Global oil prices have slipped after touching a fresh five-month peak, but concerns over global crude supplies restricted the losses.
Brent crude oil futures dropped by 11 cents to $71.44 a barrel while US West Texas Intermediate (WTI) crude futures were down 26 cents to $63.63 a barrel, reported Reuters.
In the previous session, Brent crude touched its highest level since 12 November 2018 at $71.87.
The oil market consolidated in 2019 over crude supply cuts led by the Organization of the Petroleum Exporting Countries (OPEC) and other countries, referred to as OPEC+. Since January 2019, the alliance agreed to reduce output by 1.2 million bpd for six months.
The participants are scheduled to meet again in June to decide whether to continue supply cuts. Saudi Arabia, a prominent member of the OPEC+ alliance, is inclined to continue with the deal. However, other members, including Russia, could favour an increase in output.
Oil supplies to the market also tightened due to the ongoing conflict in Libya, a key petroleum producer. Last week, Libya’s National Oil head warned that fresh violence may completely eliminate crude production in the country.
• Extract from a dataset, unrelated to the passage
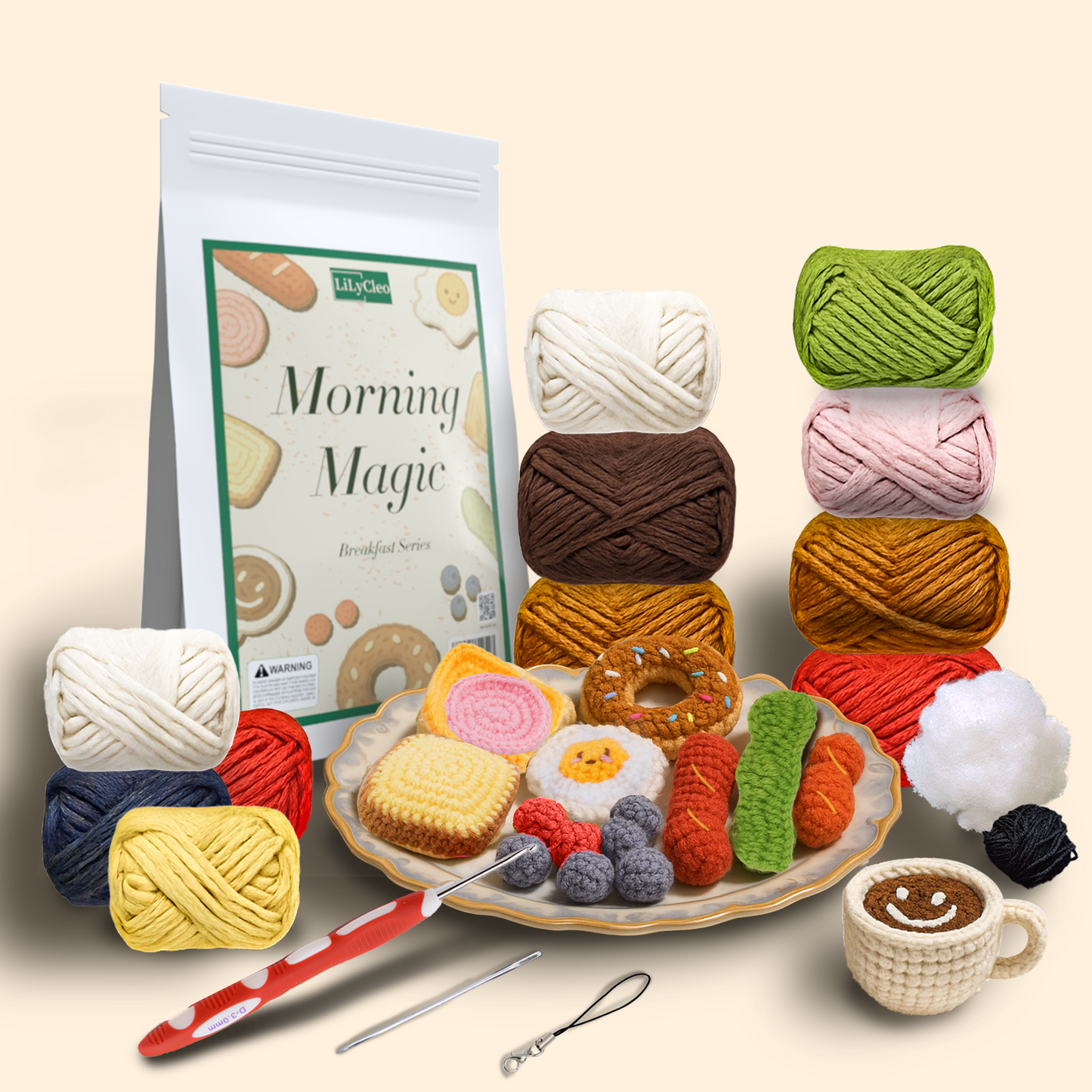 Breakfast Party Crochet Kits (Fullset)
Energy Aspects oil analyst Virendra Chauhan was quoted by Reuters as saying: “I would expect oil to trade in a relatively tight band around $70 per for the time being.
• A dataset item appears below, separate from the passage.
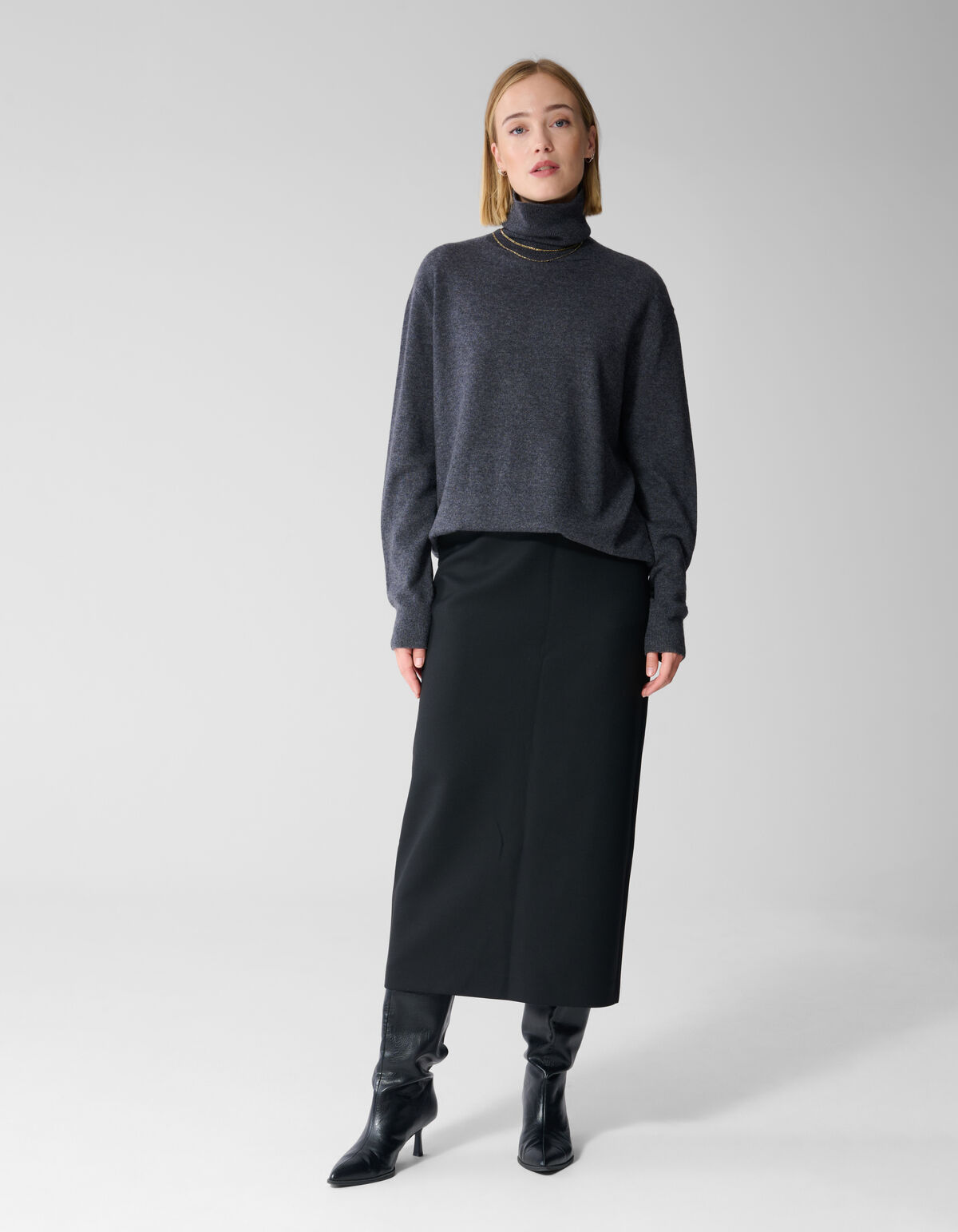 Gebreide Coltrui Donkergrijs By Lonneke SHOEBY WOMEN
“Leading edge indicators on US supply suggest activity levels are stepping up, which is supportive for strong production growth in the second half.”
Last week, General Electric’s Baker Hughes energy services firm said that the number of oil rigs operating in the US increased for the consecutive second week. The rig count, which now stands at 833, decreased for the past four months as energy companies focused on reducing spending on new drilling activities.